A filha e os dois homens que o acompanham acabam por ser detidos e acusados de branqueamento de capitais. O vasto património imobiliário, propriedade de Franquelim Pereira Lobo, é arrestado.
Agora, com a justiça portuguesa a dizer que o suspeito afinal não traficava droga, este poderia usar esse argumento para, junto das autoridades espanholas, provar a sua inocência no processo de branqueamento de capitais. Existe, no entanto, um poderoso handicap na sua defesa. É que Pereira Lobo já tem cadastro nesse país. Foi em Madrid que a polícia, depois de lhe pedir a identificação, lhe detectou um bilhete de identidade falso, com o nome de Francisco José Caldeira Arraia. Tal crime, parecendo irrisório, é só por si suficiente para validar o processo de branqueamento do aldeamento de Mijas.
Em Março de 2005, a PJ prepara outra grande operação para recapturar Franquelim Pereira Lobo. Diversos contactos com a polícia brasileira levam à sua localização numa pequena localidade do Estado de Goiás. É seguido de perto por inspectores da DCITE que então já tinham viajado para o Brasil. A proximidade entre o suspeito e os polícias é tão grande que a operação é designada "Tão longe e tão perto".
Franquelim Pereira Lobo é novamente detido. Os tribunais portugueses aguardam-no para o julgar, mas o processo de extradição é complicado e tem riscos. Só chega a Portugal em Outubro do ano passado. No aeroporto de Guarulhos, em São Paulo, onde é embarcado, a polícia brasileira, temendo uma operação de resgate do prisioneiro, monta um dispositivo de segurança com dezenas de elementos armados.
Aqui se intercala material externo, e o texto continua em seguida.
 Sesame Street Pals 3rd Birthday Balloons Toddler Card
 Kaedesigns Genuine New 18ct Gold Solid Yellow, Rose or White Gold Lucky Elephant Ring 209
Muitos passageiros, vendo o aparato, convencem-se da existência de um atentado terrorista.
O resto da história de Fanquelim Pereira Lobo, o homem de 51 anos que só aos 30 foi "fichado" (anotação na folha de cadastro) pela primeira vez pela polícia, foi escrita esta segunda-feira, quando, na Boa Hora, foi inocentado de uma anterior condenação de 25 anos.
Indiferente à guerra surda instalada nos meios judicial e policial devido à sua libertação, Franquelim Pereira Lobo, natural da freguesia da Vermelha, no Cadaval, pode agora voltar à actividade comercial que tem declarada, mas sabe que os seus passos jamais deixarão de ser vigiados pela polícia. Tem, além do mais, um outro problema grave a resolver: o da detenção da filha, em Espanha, quando do arresto do seu empreendimento turístico.